In the records below, find the line that contains "ספינג' מרוקאי". Retype that line and all the lines after it through the end, leaving out the pictures.

□ □ □ □ □ □ □

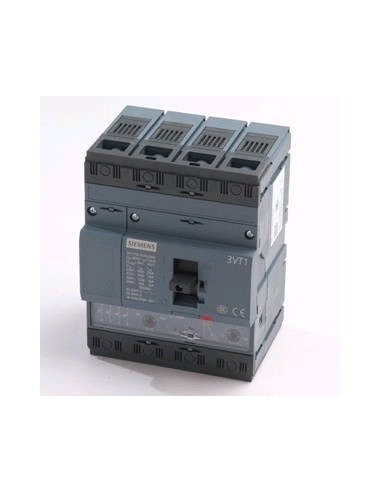 Siemens 3va1110-4gf42-0aa0...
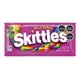thumbnail image 1 of Caramelos Masticables sabor Wildberry, 62 g, 1 of 9
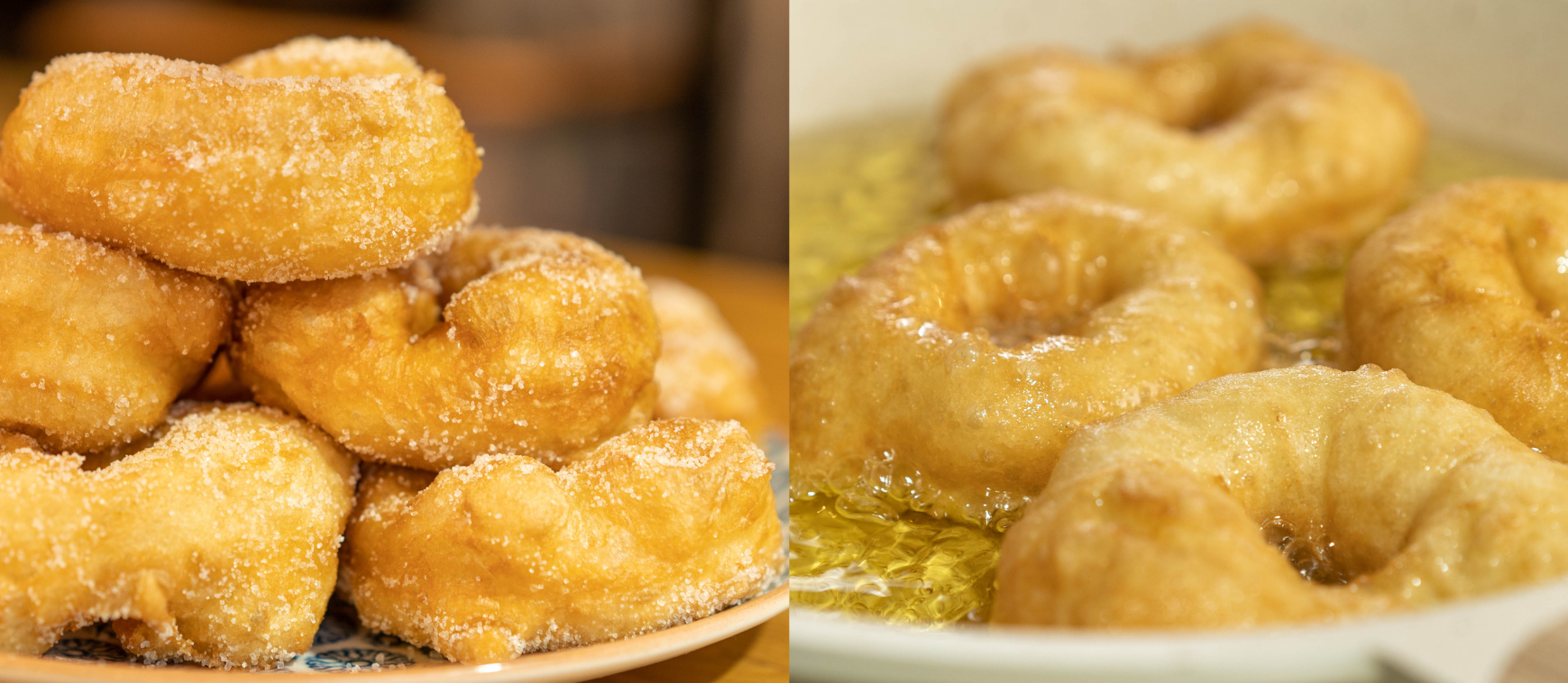 ספינג' מרוקאי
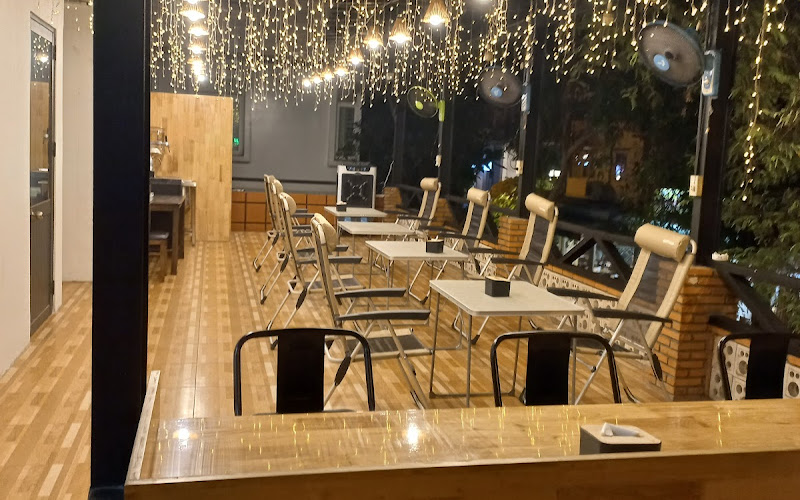 PINKHEO(핑크헤오)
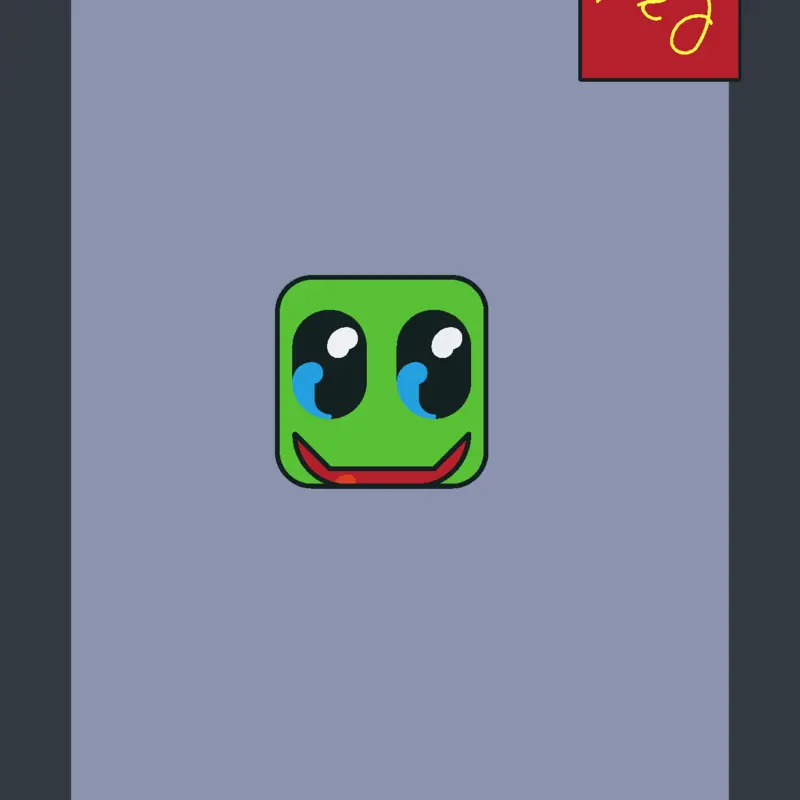 Game by @Happe_Ayy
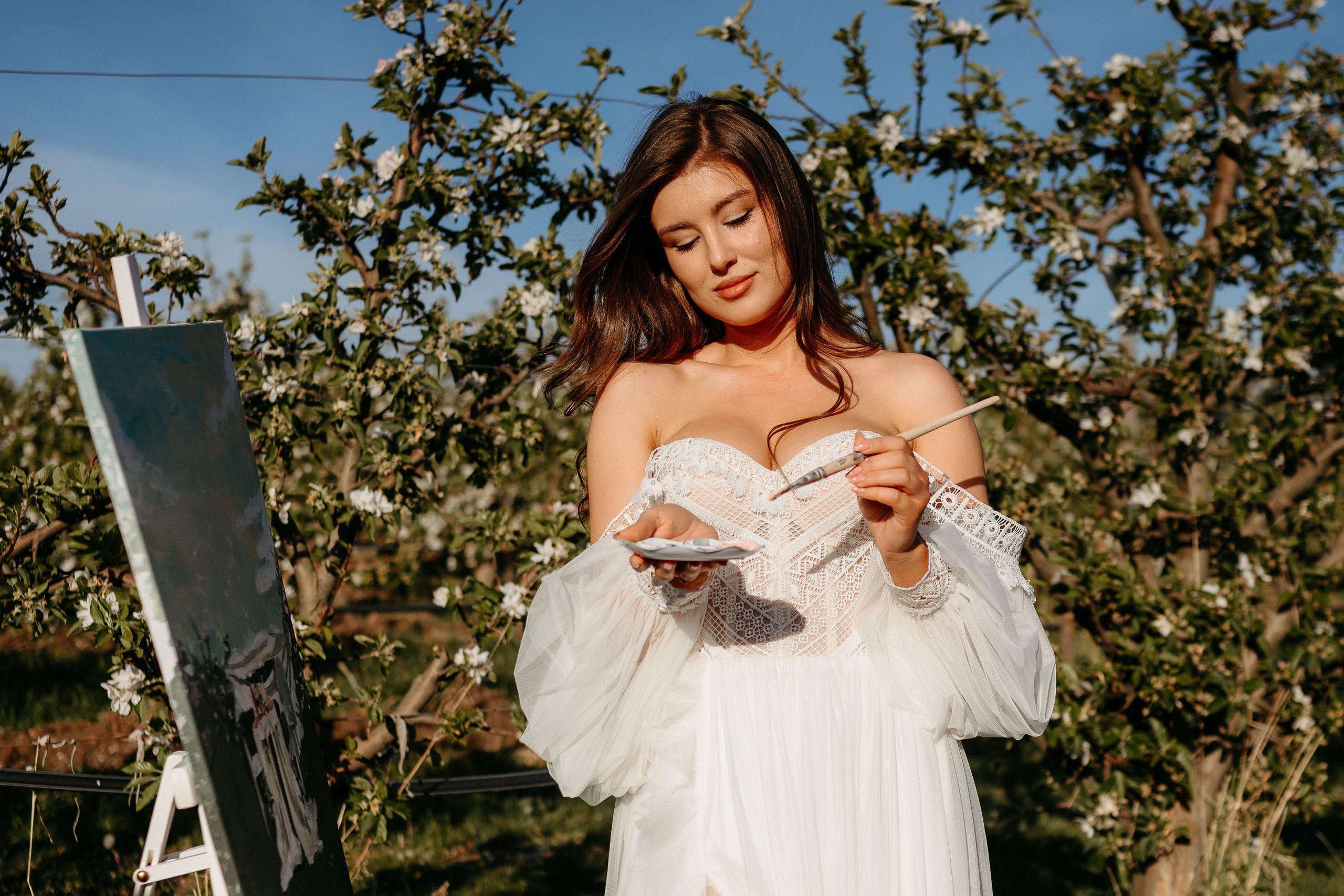Styled shoot cu Emilian si Silvia. Valentin Melen - fotograf de nunta 🤍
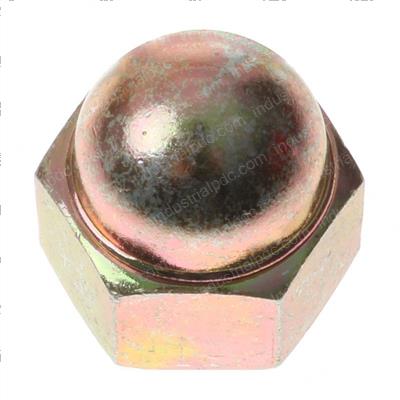 Picture of Nut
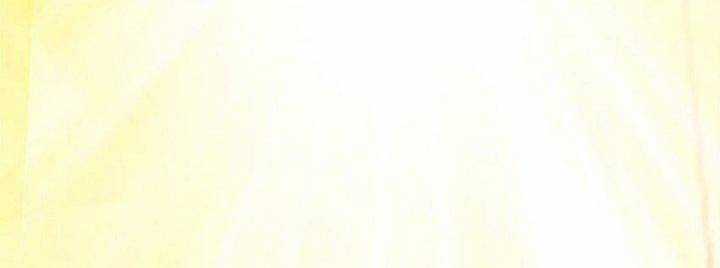 Siêu Thần Chế Tạp Sư Chapter 147 trang 251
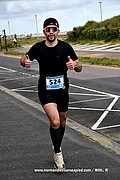 DSC_4878.jpg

□ □ □ □ □ □ □

# Task solution:
 ספינג' מרוקאי
 PINKHEO(핑크헤오)
 Game by @Happe_Ayy
Styled shoot cu Emilian si Silvia. Valentin Melen - fotograf de nunta 🤍
 Picture of Nut
 Siêu Thần Chế Tạp Sư Chapter 147 trang 251
 DSC_4878.jpg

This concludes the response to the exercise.